In Pakistan, where I used to live up until about a month ago, reality TV was my soothie. Its predictable plot lines and generic music lulled me into a false sense of safety, as if I were being transported into the serene backdrops of The Real Housewives of Beverly Hills or Keeping Up With The Kardashians, an emotional escape from the very decidedly un-serene environs of the barely functional megacity where I’d chosen to live. I would silently thank the schedulers at Bravo TV for never leaving me without a current season of something (anything), and my patron saint Andy Cohen, for the salve that kept me sane over the course of a very lonely two years in my motherland.
Just a few weeks ago, the bright, cloudless blue of Los Angeles’ skies and its wide roads almost devoid of pedestrians were confined to my laptop screen, sitting at the edge of my bed as I flicked away monster-sized mosquitos. I hate them with a passion; I can’t count how many times I’ve drafted a tweet about how just one mosquito can wage psychological warfare at a level the interrogators at Guantanamo might dream of. The mosquitos of Karachi have ruined countless perfectly good nights of sleep. I’d type out my tweets at 4AM Pakistan time, when most of you are awake and sitting bored at your desks somewhere, then read them to myself and realize how deranged I must sound, tweeting about mosquitos when you guys were all tweeting about the Mueller Report or whatever.

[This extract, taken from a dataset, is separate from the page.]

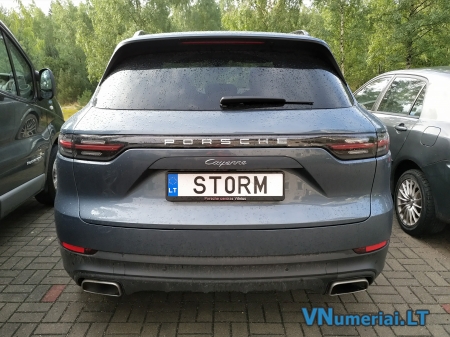 ST0RM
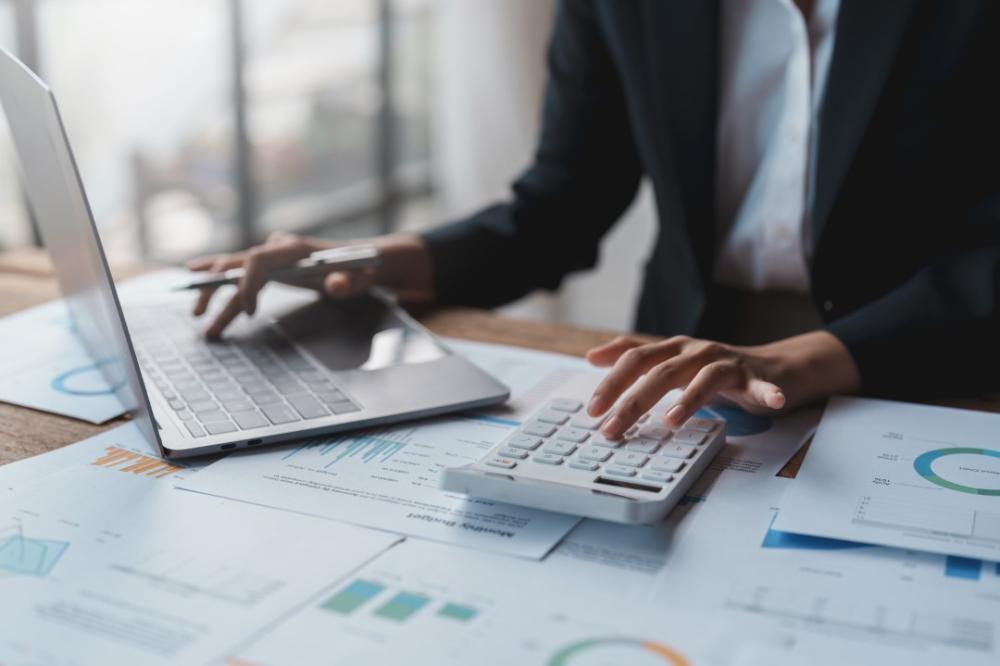 gestion financière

I would stare at the draft, the one with a tasteless Gitmo joke, then slowly delete it and go back to staring at the Kardashian sisters hoping sleep would come. Slowly but surely, just as their vocal fry rocked me close to unconsciousness, one would buzz next to my ear sensing my slow exhales, reminding me I was not in Calabasas but Karachi, far away from my friends and family in a dusty city I was trying to convince myself I enjoyed.
Now the half-asleep vision of Hollywood glowing from my laptop screen is my reality. The real Los Angeles sky is bluer than how they show it in the transition shots; the city is always bigger than I think it is. It’s unsettling to be here. My current theory is that it’s too easy, that the people I know here and the ones I’m most likely to spend time with have such a high standard of living, there’s too little to complain about. It’s lots of people’s theory. I did not come up with it on my own.
It’s so easy it makes it harder to be happy, because every day is full of incredible feats. The sheer quantity of non-dairy cheese alternatives available in Silver Lake is a feat of science, of progress, of the logistical prowess of the first world. And that’s just a slice of cashew cheese. Are you supposed to jump for joy every time you eat one? Every time your shower delivers hot, pressurized water at the turn of the tap? Every time the stop light is red and the cars actually stop? You get used to it, and it grows to be unimpressive then utterly mundane.
I call my friends trying to figure out if I want to live here. One tells me it’s what I need right now, as if L.A. is my reward for surviving living as a yuppie in Pakistan, arguably among the most privileged people in that country. Another is from L.A. and warns me about the slow decay of faculties that comes with a lack of hardship. “It’s good to live in a place that kicks your ass sometimes,” she said. My ass has been kicked a lot lately, I tell myself, and go back to agreeing with the friend who assumes the worst of my homeland.
Part of this city’s eeriness comes from the silence. It’s spread out enough to where you don’t hear cheap motorcycles revving, or guards whistling in the night to warn would-be thieves like you do in even the most remote parts of Karachi. It’s dead silent, and it’s fucking creepy. Then the choppers come.
I love the choppers. It’s as if the lot where they filmed The Hurt Locker collided with the set of Vanderpump Rules. LA’s neighborhoods are surveilled by LAPD’s helicopter squad at seemingly all hours of the day. They hover above residential neighborhoods and weave through the air up above the lanky palm trees, so persistently that I keep joking they should use the leftover drones from Obama’s war in Waziristan instead, to surveil the car chases and traffic or whatever. The cameras on those things are pretty good these days and as I recall from interviews with survivors of the drone offensive in Waziristan, the sound is only frightening when they drop down low.
The majority of L.A.’s residents who actually face the wrath of the “ghetto bird” are far away, far enough to where it’s easy for affluent Angelenos to forget about them. They don’t run up to you on your way out of a grocery store begging for food. They don’t tap on your car window at stop lights for change, chasing after your car even as the traffic starts moving. They’re distant to where you’re only reminded of the bad things when the chopper is hovering above your storybook home.
In the relatively posh Karachi neighborhood where I lived, people build tall walls and drape them in flowers so when they look out their window, filth and poverty aren’t the first thing they see. They seal themselves in air-conditioned rooms so the stink and heat and dust stay outside too. But Karachi’s mosquitos are notoriously hardy (the theme of yet another set of deleted tweets). There’s always one that finds its way inside, and buzzes by your ear and whispers, “Things are still shit.”